Soon a spoon of cinnamon was being presented to me. Without hesitation, I grabbed the spoon and dumped the whole spoonful into my mouth. Commence choking-hazard! The more I choked, the deeper my inhales pulled the fine powder into my throat! That was a vicious cycle that felt as if it wasn’t evergoing to end. I ran to the bathroom, trying to spit the contents of my mouth into the toilet. Friends gathered as I choked and gasped for air. It seemed like an eternity as tears rolled down my cheeks from choking and from the fear of passing out.

After some time, the issue resolved itself, and here I sit, sharing my story. Shew, that was a close call. Thankfully, the tragic event didn’t affect my love for cinnamon. Moral of the story, if you craving cinnamon, eat a spoon of Vanilla Cinna-Yum Grain-Free Granola NOT a spoon of cinnamon powder! Just saying.

Is this Granola Sweet?

I intended for this granola to be low-sugar. If you wish for it to be sweeter, go ahead and add more maple syrup, but be sure to give the batter a taste test before doing so. If you’re not opposed to using stevia and you want this granola to be a bit sweeter, I would recommend using the same about of maple syrup but add liquid NuNaturals stevia until it reaches the level of sweetness. This way, you get that sugary hit without it affecting your insulin levels too much.

Do I HAVE to Soak the Nuts & Seeds?

Excellent question, my friend. First off, did you know that all nuts and seeds contain phytic acid and enzyme inhibitors? For those of you who have been around for a while, this is old news, BUT I can’t skip this teaching opportunity for those of you who are new to this way of eating. Phytic acid interferes with the body’s ability to absorb nutrients.

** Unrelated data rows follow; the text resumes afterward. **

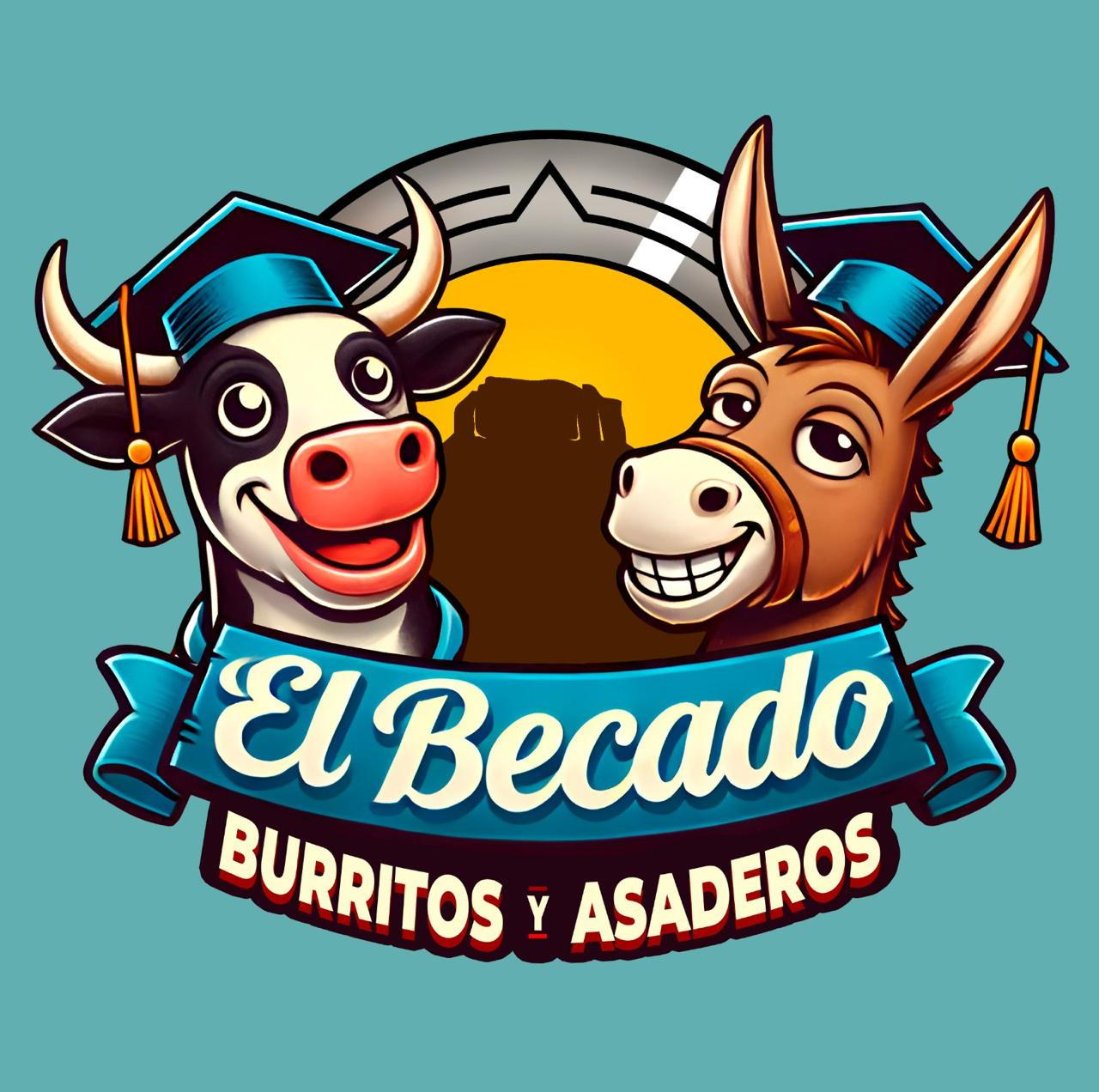 El Becado (Asaderos y Burritos) image 9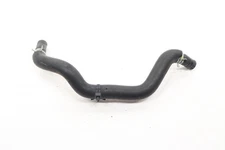 2016 - 2024 INFINITI Q50 ENGINE COOLANT COOLING WATER HOSE OEM 140565CA0C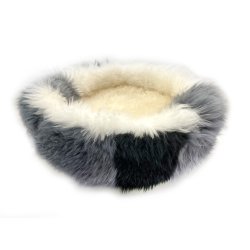 Dyreseng for hund og katt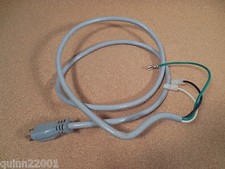 Ricambi macchina espresso e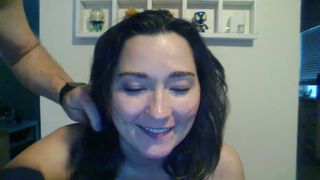 ween@momo 20052017 2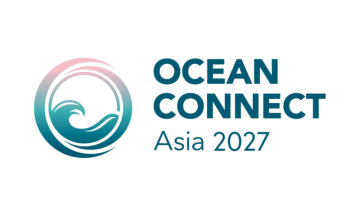 The Ocean Is Getting a Tech Upgrade: Robots, AI and Marine Innovation Set Sail in Singapore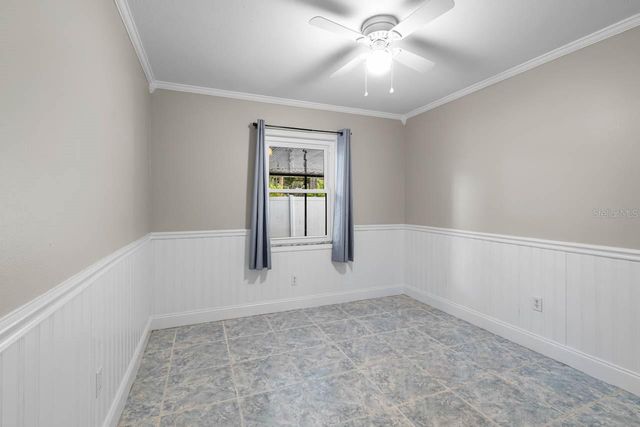 11511 MCMULLEN LOOP, Riverview, FL 33569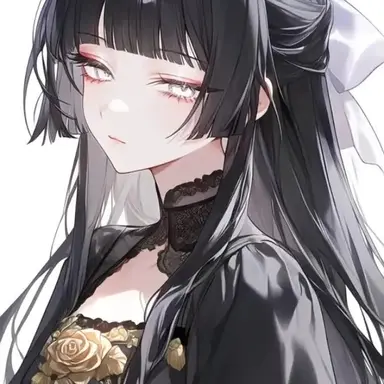 Profile image of 담임 선생님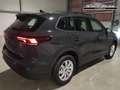 Volkswagen Tiguan 4Me 1.5 eTSI DSG Garantie-Anhängerkupplung-Appl... Grau - thumbnail 4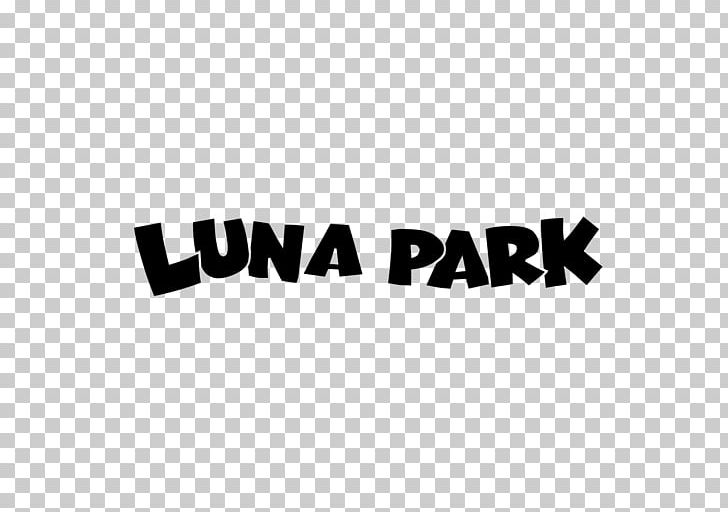 Logo Brand Font PNG, Clipart, Angle, Area, Art, Black, Black And White Free PNG Download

While many traditional cultures naturally soaked or sprouted nuts/seeds, this practice is no longer common, mainly because it’s time-consuming. For me, it is a regular practice.  It’s simple, inexpensive, and can significantly increase the nutrient content of the nuts/seeds you consume, therefore, it’s a no-brainer to me. Frankly, it’s your call whether you skip this process or not. If you are on the fence about this process, do a test. Eat some nuts raw, unsoaked, and dried. Then try some that have been soaked and dried.

Throughout the taste testing trials, I found that once the granola had sat in milk (enjoyed it as a cereal), the vanilla flavor really popped. The milk also helps activate the chia seeds and flax, giving it a more porridge-like texture. It’s a great snack as well, but my favorite way of eating it is with macadamia milk. Umm mmm. blessings, amie sue

Ingredients

Preparation

  1. In a food processor, fitted with the “S” blade, combine the almonds, walnuts, pumpkin seeds, chia seeds, almond meal, cinnamon, and salt. Pulse everything together to just enough to mix it and to break down the larger nuts.  Pour into a large bowl.
    • BUT… you can skip the food processor part if you want real chunky granola, and on the other hand, you can process the nuts and seeds to a small crumble. Customize it to your liking.
  2. To the bowl, now add in the dried coconut, maple syrup, and vanilla extract. With your hands, dive in and mix everything really well (making sure to coat the dry ingredients with the wet.
  3. Spread the batter onto a non-stick dehydrator sheet. You can either drop it on the sheet in clusters or spread it as a whole sheet to break into brittle-sized pieces when done drying.
    • I used 3 dehydrator trays with roughly 2 cups of batter per tray.
  4. Dehydrate at 145 degrees (F) for 1 hour, then reduce to 115 degrees (F) and continue to dry to 10+ hours (or until completely dry).
    • I ended up breaking up the granola sheets and processing them in the food processor to create more a small crumble to enjoy as a cereal.
  5. Store in an airtight container on the counter for several weeks or in the freezer for several months.